• Exercise
Produce a word-for-word copy of the data that follows, excluding images.

• Source data
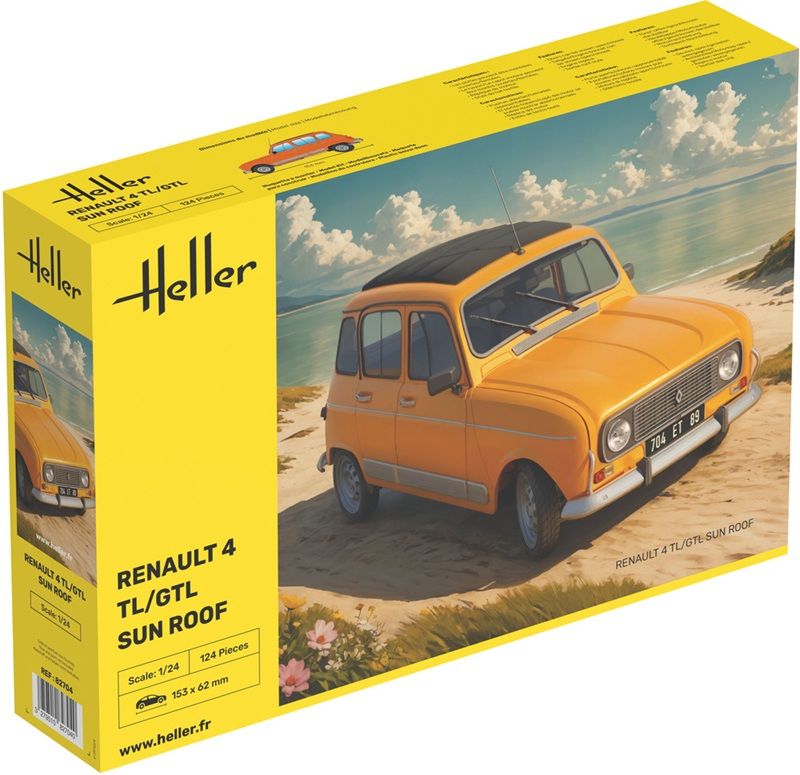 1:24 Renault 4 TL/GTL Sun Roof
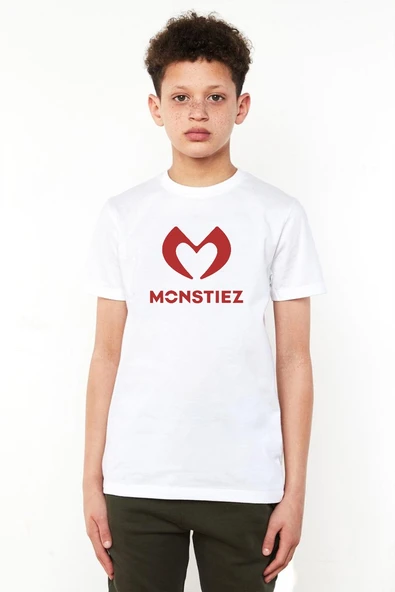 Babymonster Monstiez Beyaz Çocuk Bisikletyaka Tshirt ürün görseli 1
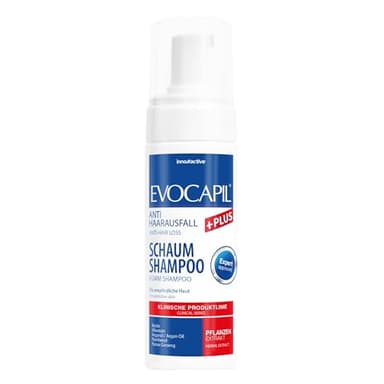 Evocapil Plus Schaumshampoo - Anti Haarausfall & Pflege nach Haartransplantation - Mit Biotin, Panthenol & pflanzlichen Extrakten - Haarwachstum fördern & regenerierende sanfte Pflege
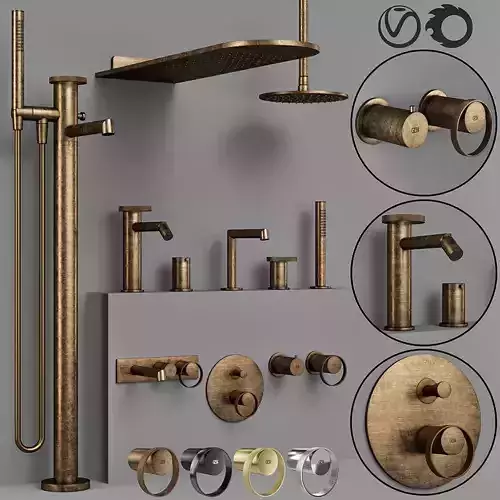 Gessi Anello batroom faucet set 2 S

• Solved exercise
 1:24 Renault 4 TL/GTL Sun Roof
 Babymonster Monstiez Beyaz Çocuk Bisikletyaka Tshirt ürün görseli 1
 Evocapil Plus Schaumshampoo - Anti Haarausfall & Pflege nach Haartransplantation - Mit Biotin, Panthenol & pflanzlichen Extrakten - Haarwachstum fördern & regenerierende sanfte Pflege
 Gessi Anello batroom faucet set 2 S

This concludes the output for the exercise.